Captioned web image data

- - -

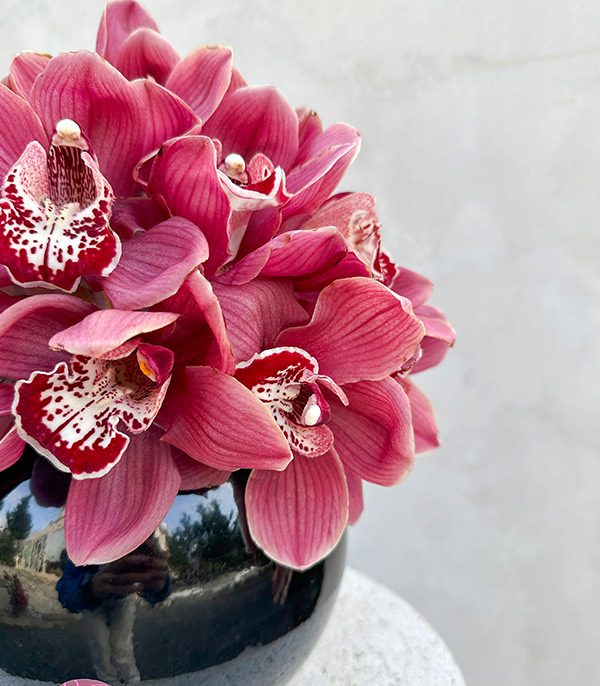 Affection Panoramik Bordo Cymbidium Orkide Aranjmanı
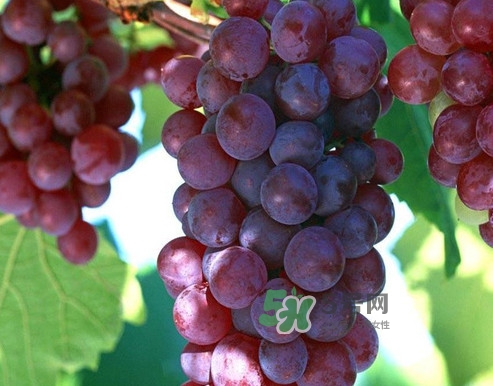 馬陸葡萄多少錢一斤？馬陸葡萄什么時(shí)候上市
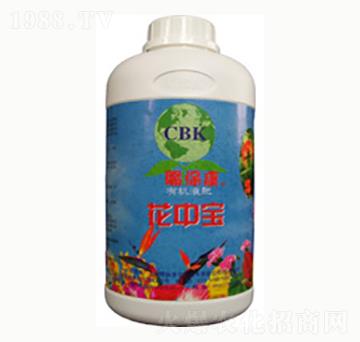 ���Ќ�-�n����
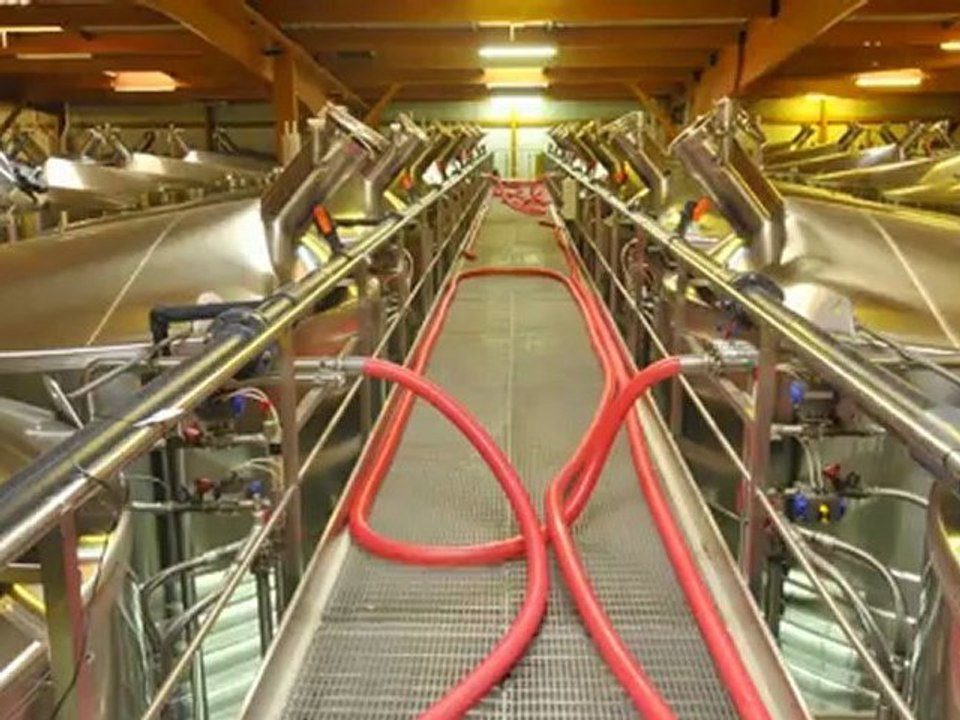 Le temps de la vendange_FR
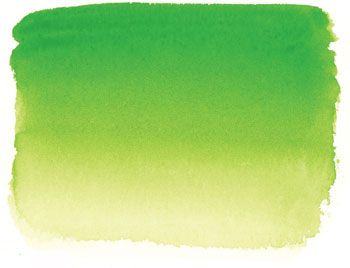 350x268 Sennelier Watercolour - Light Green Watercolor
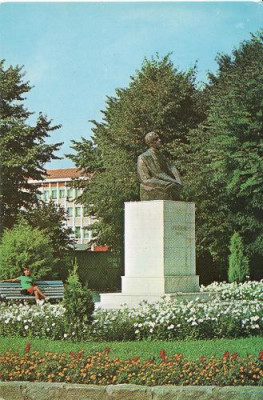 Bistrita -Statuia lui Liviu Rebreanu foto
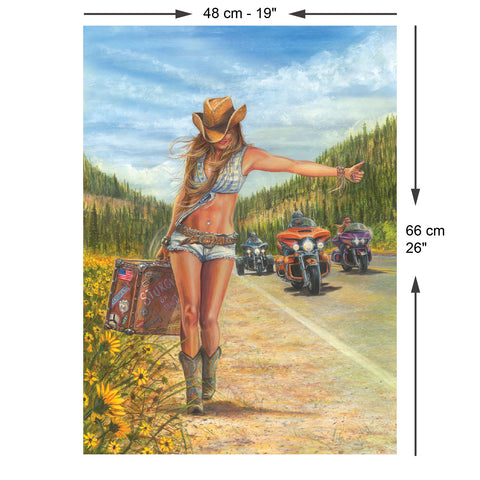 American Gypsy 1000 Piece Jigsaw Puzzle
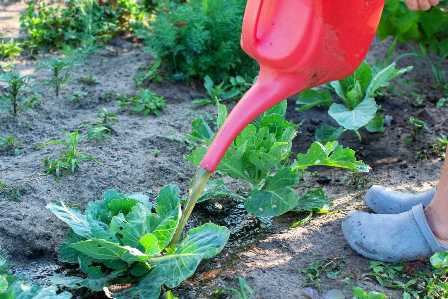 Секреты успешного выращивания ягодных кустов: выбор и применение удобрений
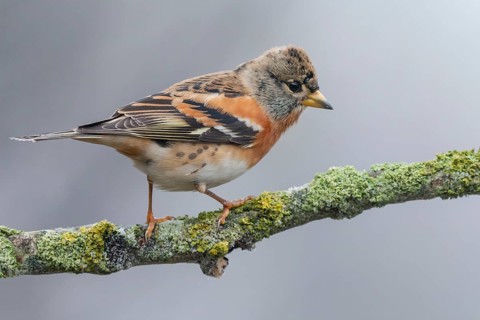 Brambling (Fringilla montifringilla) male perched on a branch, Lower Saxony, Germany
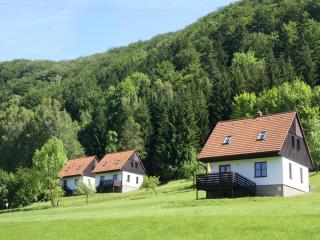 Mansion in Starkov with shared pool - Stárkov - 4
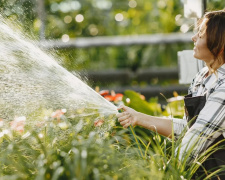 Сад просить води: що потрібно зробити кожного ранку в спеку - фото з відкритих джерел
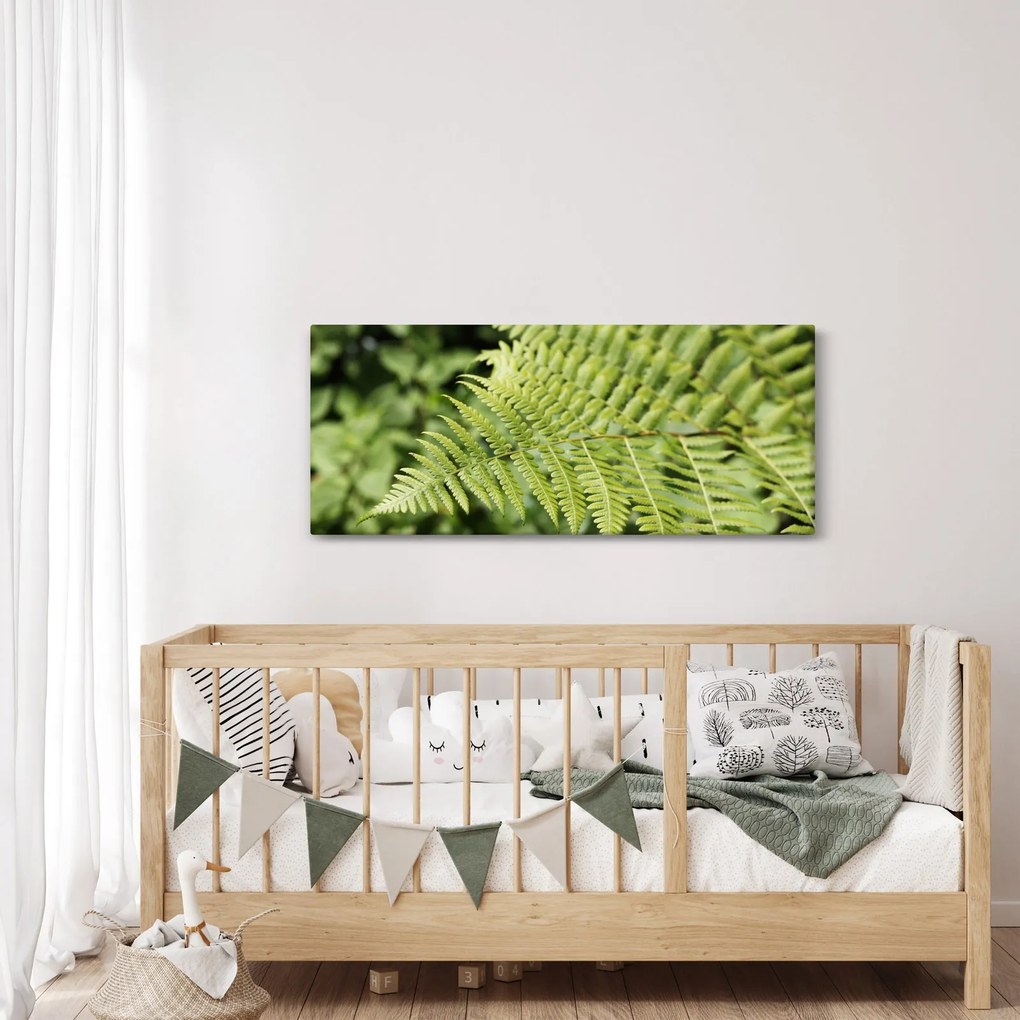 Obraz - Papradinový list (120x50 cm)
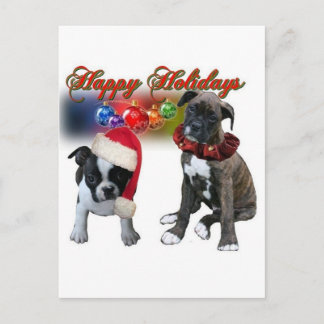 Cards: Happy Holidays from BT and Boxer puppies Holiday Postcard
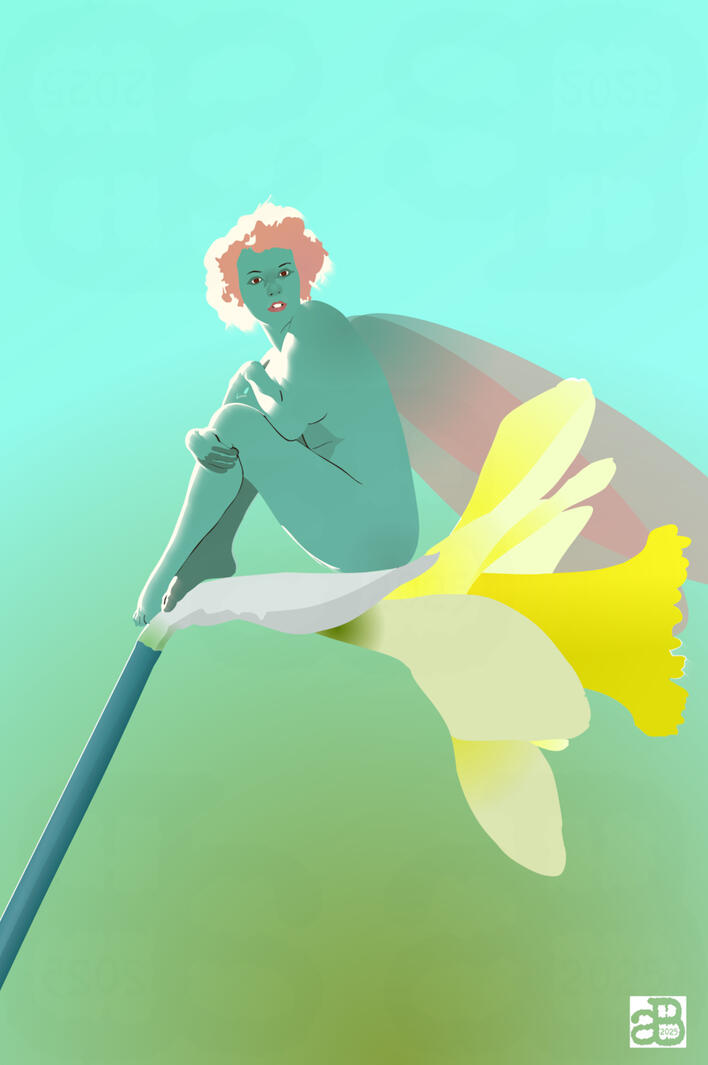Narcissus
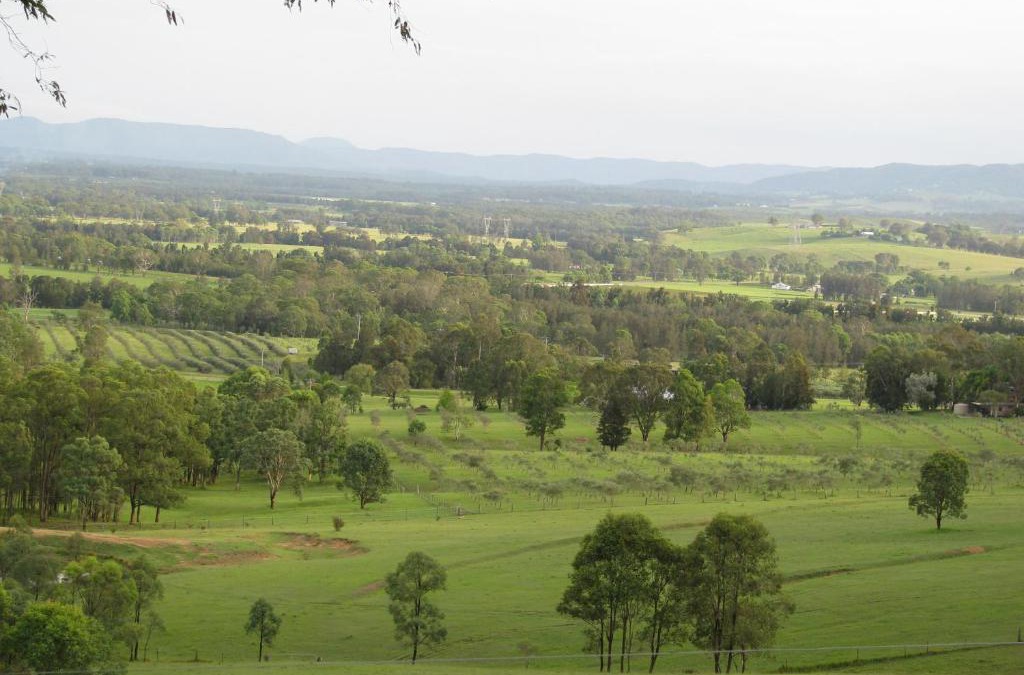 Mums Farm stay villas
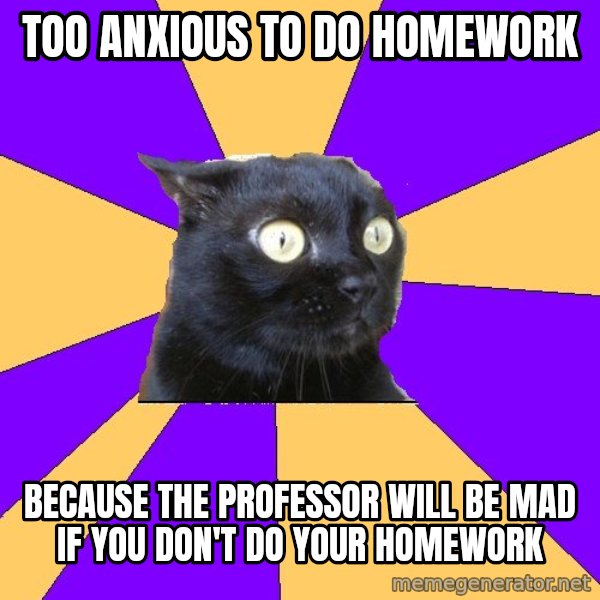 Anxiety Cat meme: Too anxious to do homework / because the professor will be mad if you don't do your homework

- - -

_Task objective_
Above are the records; set down exactly the lines from the line containing "Cards: Happy Holidays" through their last line, leaving every picture out.

_Solution_
 Cards: Happy Holidays from BT and Boxer puppies Holiday Postcard
Narcissus
 Mums Farm stay villas
 Anxiety Cat meme: Too anxious to do homework / because the professor will be mad if you don't do your homework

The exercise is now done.